## What this task involves
Set every line of the data down again exactly, and keep the pictures out.
[Collected data Boundary: Start]
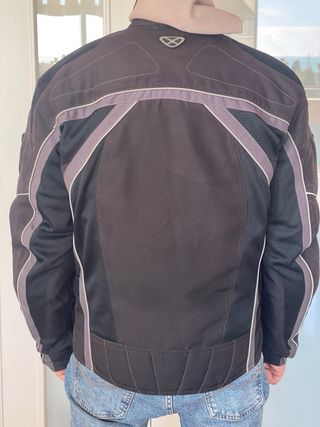 Chaqueta de moto negra y gris Talla M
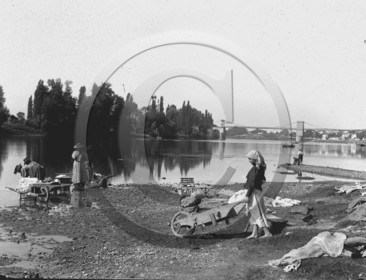 LAVANDIERES copier.jpg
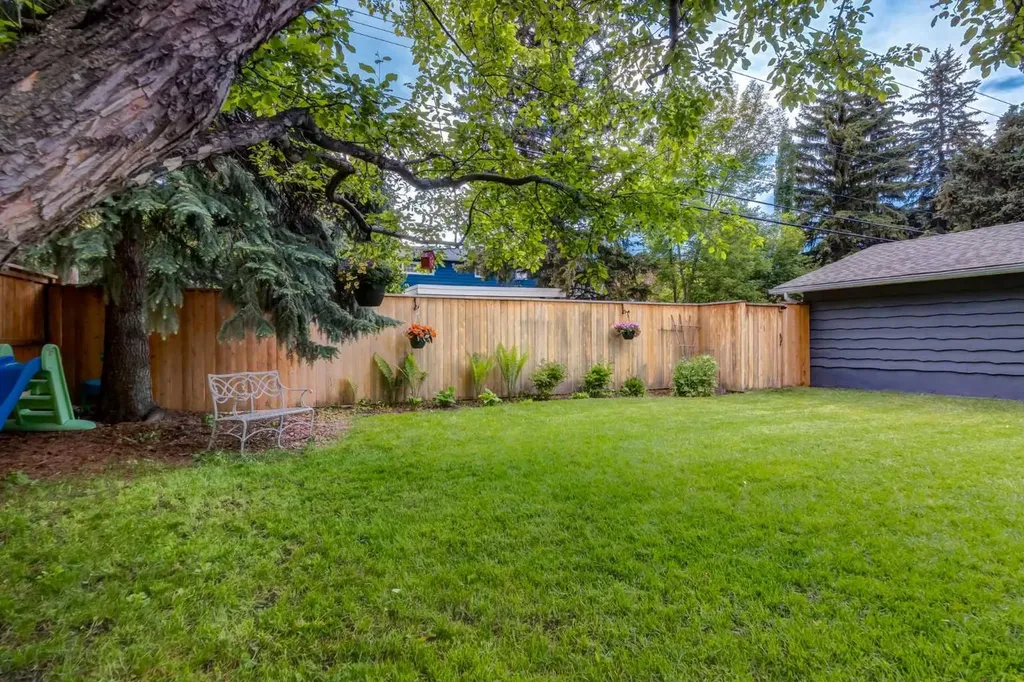 7319 Keewatin Street SW Calgary AB T2V 2M6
[Collected data Boundary: End]
## Answer to the exercise
 Chaqueta de moto negra y gris Talla M
 LAVANDIERES copier.jpg
 7319 Keewatin Street SW Calgary AB T2V 2M6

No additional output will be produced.